**EXERCISE INSTRUCTIONS**
At the line that holds "Exercise 13D on", start repeating, and keep going exactly through the final line of the material; include both ends and skip the pictures.
§ §
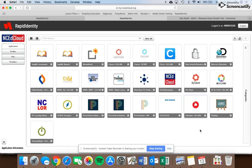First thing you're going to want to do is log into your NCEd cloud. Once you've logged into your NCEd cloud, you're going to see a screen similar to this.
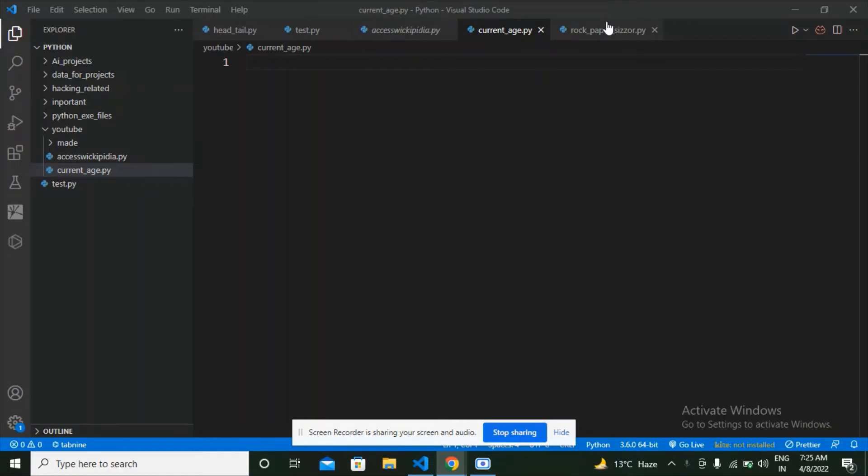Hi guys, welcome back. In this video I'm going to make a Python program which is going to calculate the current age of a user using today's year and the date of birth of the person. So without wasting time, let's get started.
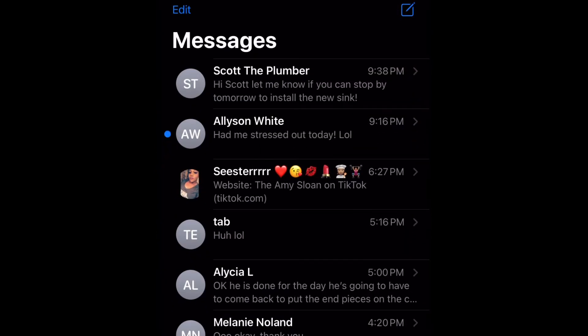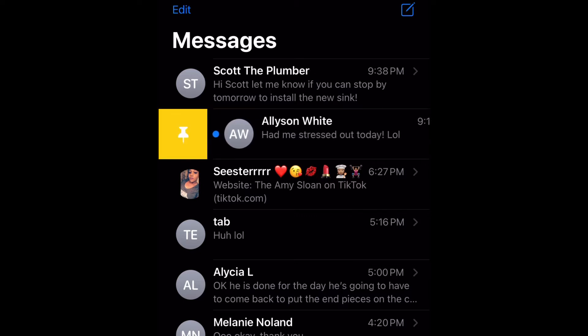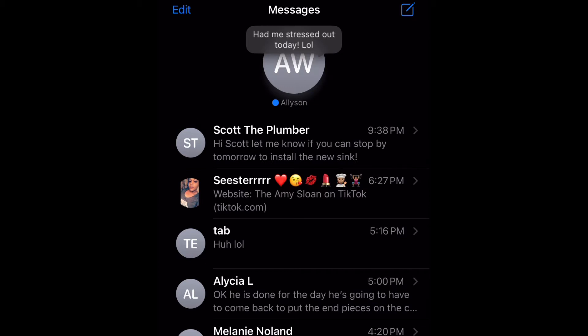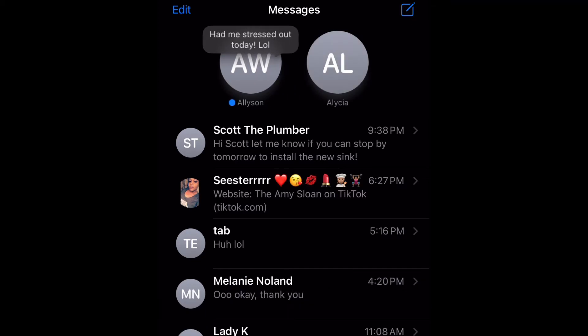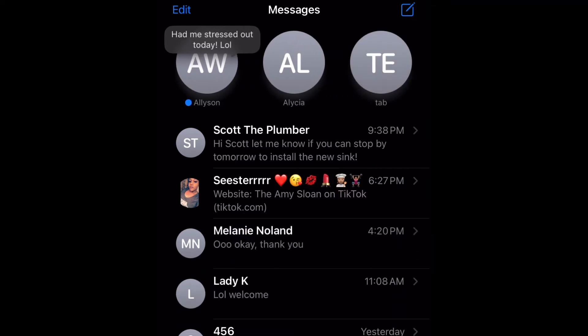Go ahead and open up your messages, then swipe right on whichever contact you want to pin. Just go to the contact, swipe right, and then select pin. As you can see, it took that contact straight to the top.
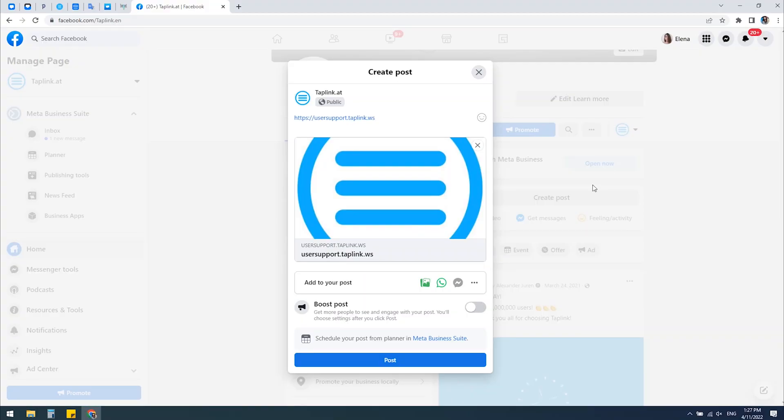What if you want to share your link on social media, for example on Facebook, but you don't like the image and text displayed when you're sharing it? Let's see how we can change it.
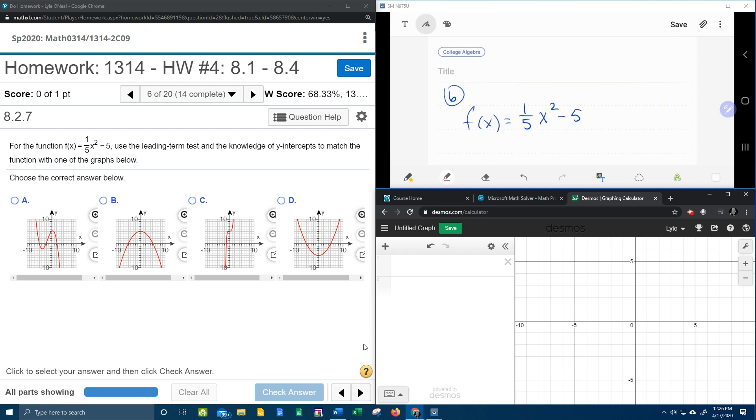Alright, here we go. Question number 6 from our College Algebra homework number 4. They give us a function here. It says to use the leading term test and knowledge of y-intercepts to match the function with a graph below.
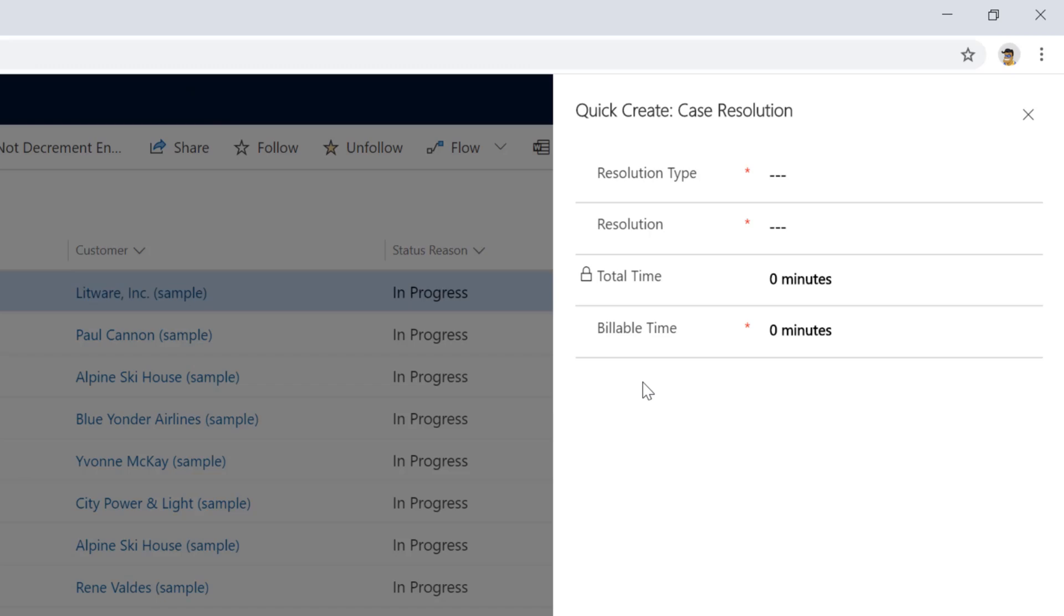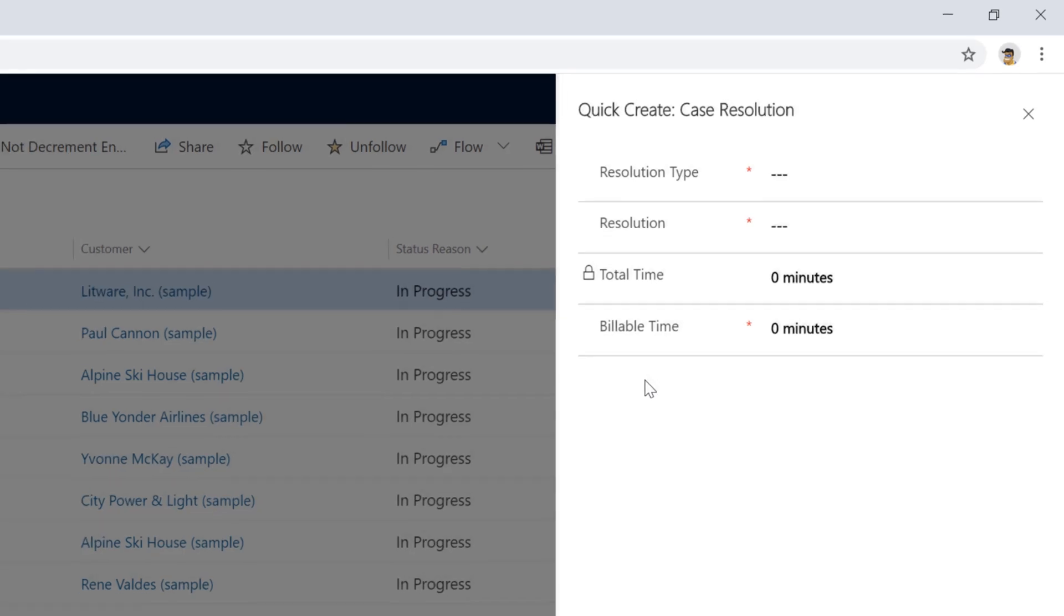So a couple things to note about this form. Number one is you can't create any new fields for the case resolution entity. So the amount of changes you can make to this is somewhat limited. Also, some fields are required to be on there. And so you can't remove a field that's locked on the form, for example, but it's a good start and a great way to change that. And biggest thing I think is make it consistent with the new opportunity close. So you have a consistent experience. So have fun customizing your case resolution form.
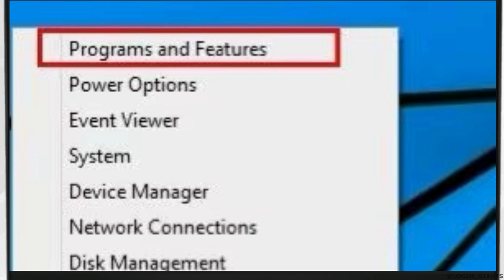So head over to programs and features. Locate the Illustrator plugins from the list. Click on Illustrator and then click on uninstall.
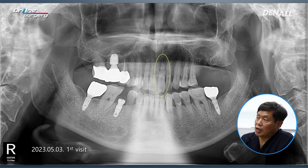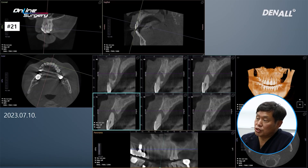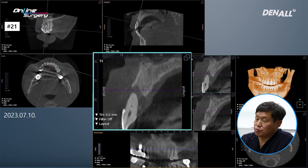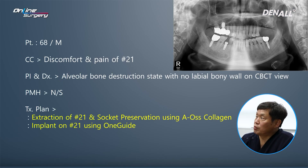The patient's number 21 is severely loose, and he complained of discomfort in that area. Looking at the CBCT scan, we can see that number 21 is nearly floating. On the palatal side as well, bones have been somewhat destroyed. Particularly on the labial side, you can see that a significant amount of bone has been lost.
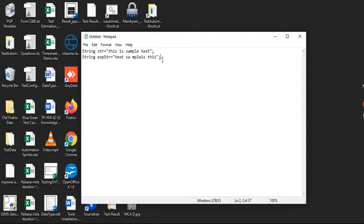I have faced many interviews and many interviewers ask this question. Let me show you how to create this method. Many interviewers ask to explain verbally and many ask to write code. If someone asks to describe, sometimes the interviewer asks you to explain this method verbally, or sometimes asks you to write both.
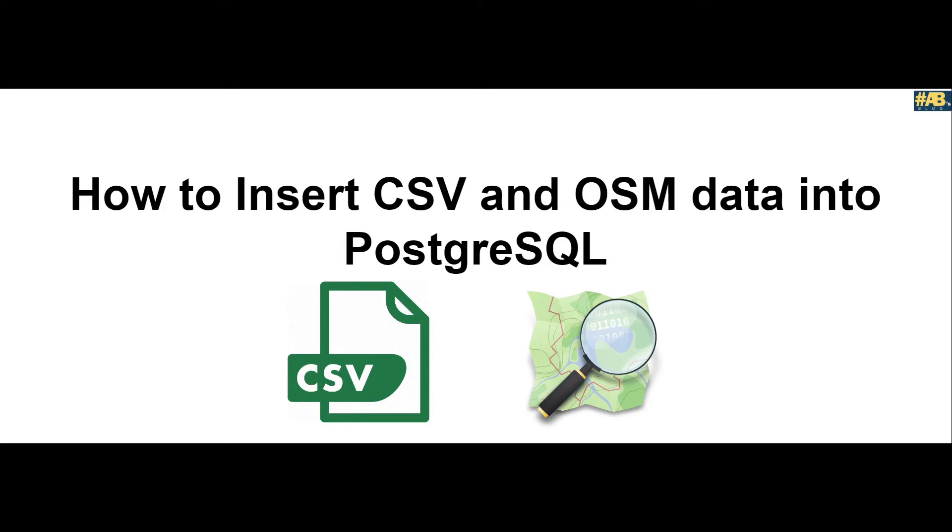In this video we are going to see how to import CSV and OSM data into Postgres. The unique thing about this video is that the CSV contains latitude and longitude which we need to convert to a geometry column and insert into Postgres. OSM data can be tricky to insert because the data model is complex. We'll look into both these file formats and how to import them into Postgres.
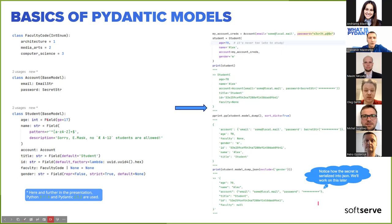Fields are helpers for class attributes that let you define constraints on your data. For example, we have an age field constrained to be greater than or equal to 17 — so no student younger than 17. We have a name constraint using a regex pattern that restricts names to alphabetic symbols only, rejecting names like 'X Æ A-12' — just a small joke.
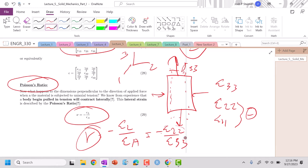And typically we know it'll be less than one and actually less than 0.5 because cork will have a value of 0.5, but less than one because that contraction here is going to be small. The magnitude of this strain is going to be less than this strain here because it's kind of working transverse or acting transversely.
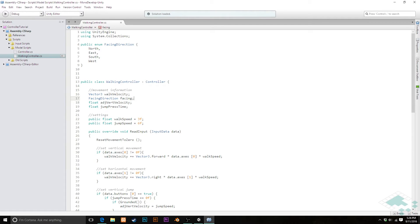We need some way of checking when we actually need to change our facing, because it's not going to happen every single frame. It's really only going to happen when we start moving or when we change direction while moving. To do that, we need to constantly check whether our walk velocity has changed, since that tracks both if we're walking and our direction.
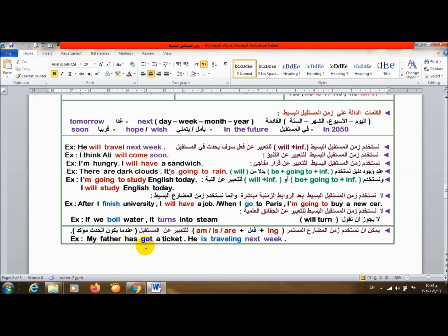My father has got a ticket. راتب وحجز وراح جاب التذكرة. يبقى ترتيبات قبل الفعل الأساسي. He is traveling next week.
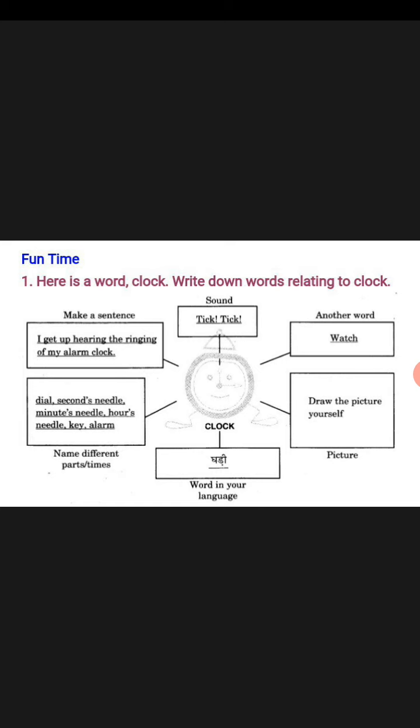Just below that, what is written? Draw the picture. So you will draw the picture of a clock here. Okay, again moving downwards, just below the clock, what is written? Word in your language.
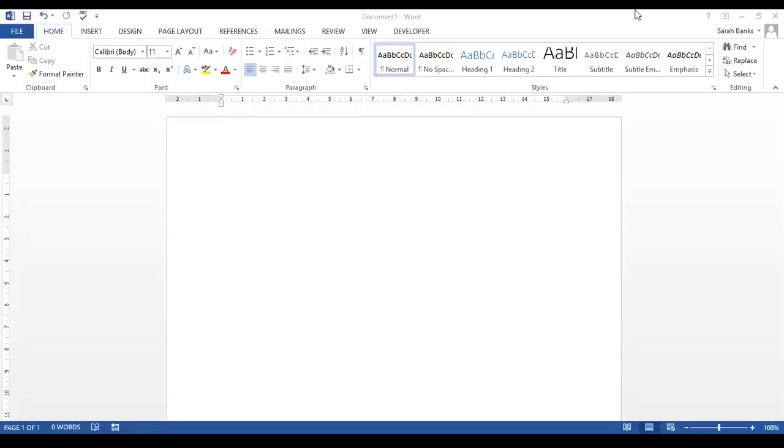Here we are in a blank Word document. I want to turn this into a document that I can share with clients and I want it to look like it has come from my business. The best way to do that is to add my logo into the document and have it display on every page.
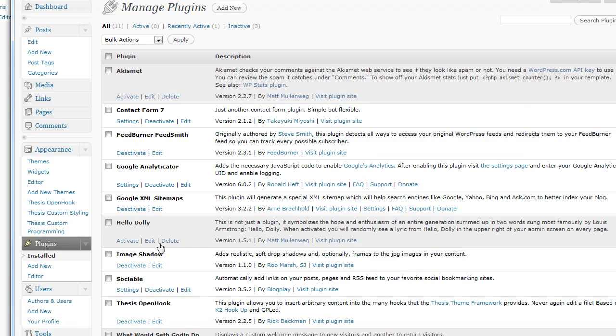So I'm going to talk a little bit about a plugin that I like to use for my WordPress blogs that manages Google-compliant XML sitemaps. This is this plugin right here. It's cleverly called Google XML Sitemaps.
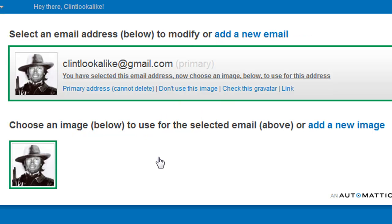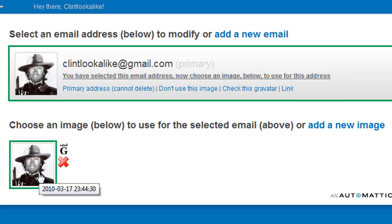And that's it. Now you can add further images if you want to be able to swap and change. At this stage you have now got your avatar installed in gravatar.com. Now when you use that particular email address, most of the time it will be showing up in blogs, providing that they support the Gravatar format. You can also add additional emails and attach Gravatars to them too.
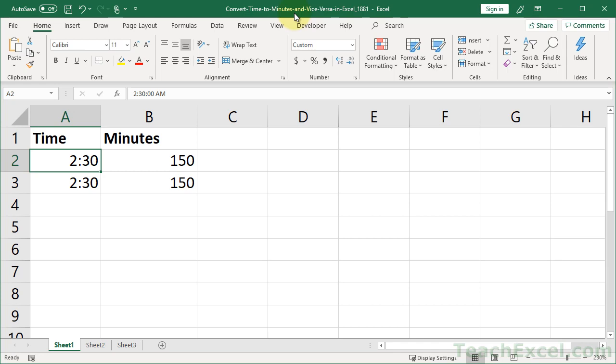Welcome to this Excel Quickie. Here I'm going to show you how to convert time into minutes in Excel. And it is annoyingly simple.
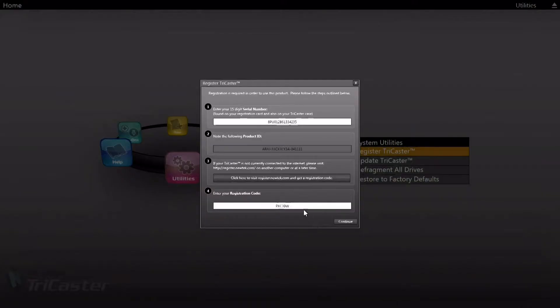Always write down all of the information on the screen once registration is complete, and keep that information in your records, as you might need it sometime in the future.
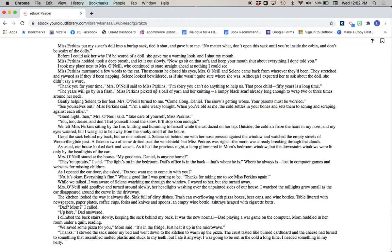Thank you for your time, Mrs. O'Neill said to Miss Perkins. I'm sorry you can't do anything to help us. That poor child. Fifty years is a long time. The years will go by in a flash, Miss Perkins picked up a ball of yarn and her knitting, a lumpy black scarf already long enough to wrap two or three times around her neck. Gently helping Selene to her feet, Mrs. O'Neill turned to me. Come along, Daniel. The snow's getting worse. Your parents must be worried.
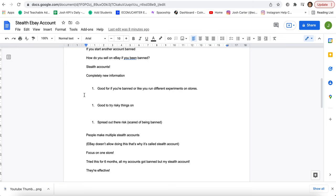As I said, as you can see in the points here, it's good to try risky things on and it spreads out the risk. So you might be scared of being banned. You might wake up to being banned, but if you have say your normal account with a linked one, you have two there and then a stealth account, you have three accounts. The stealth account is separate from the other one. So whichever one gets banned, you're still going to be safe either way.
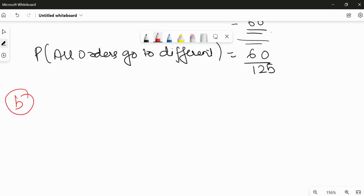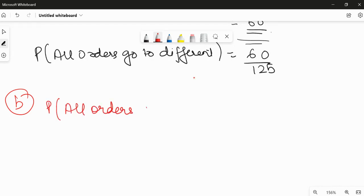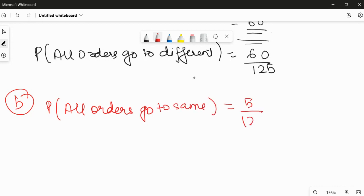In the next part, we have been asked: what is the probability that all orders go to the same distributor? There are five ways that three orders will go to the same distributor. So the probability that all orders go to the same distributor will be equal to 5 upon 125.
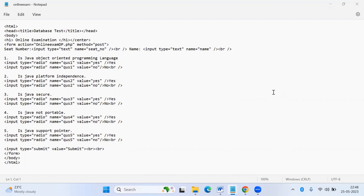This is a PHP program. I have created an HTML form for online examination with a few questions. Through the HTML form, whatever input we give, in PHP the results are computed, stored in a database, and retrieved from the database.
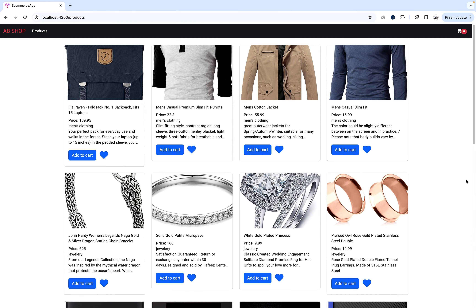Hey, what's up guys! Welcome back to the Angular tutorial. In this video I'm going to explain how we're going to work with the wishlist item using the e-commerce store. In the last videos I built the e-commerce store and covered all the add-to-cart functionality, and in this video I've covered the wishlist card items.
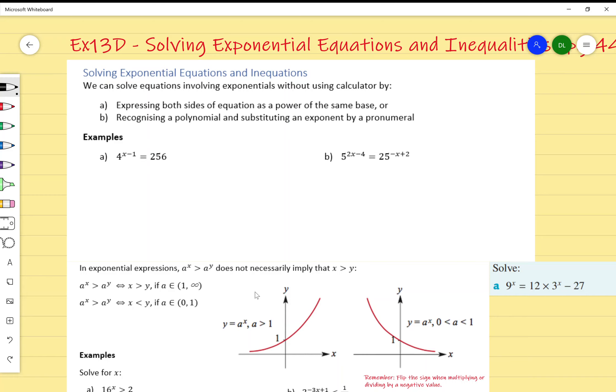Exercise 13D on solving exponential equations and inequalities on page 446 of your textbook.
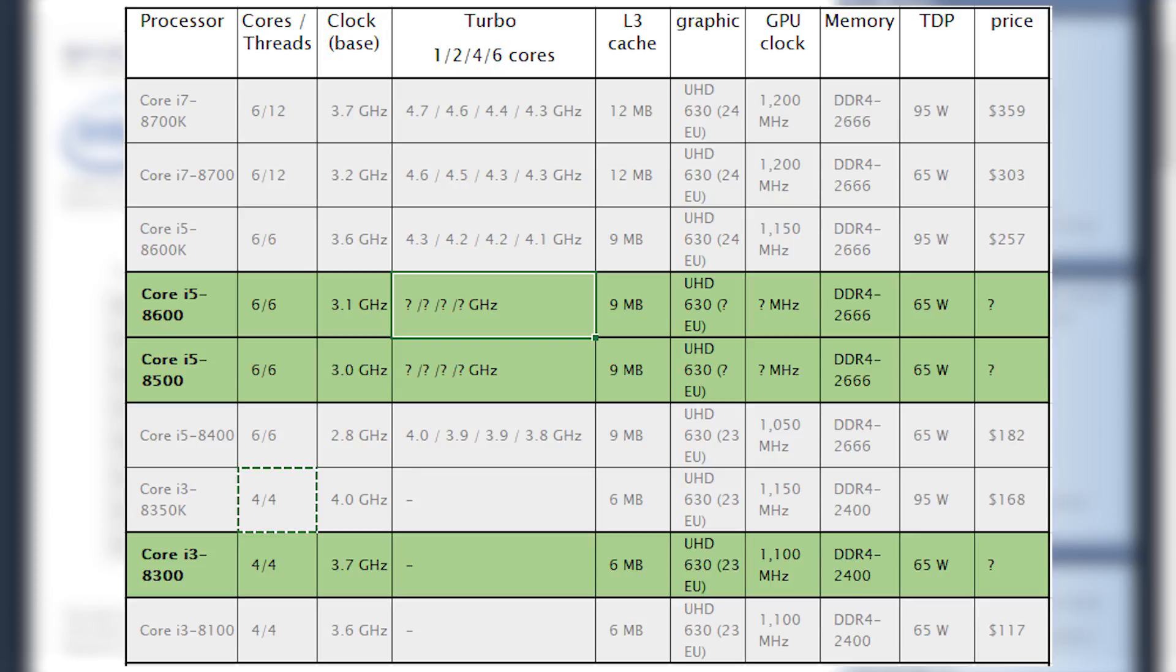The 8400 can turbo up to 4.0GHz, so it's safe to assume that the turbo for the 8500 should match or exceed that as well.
§ §
**EXERCISE RESPONSE**
Exercise 13D on solving exponential equations and inequalities on page 446 of your textbook.
The 8400 can turbo up to 4.0GHz, so it's safe to assume that the turbo for the 8500 should match or exceed that as well.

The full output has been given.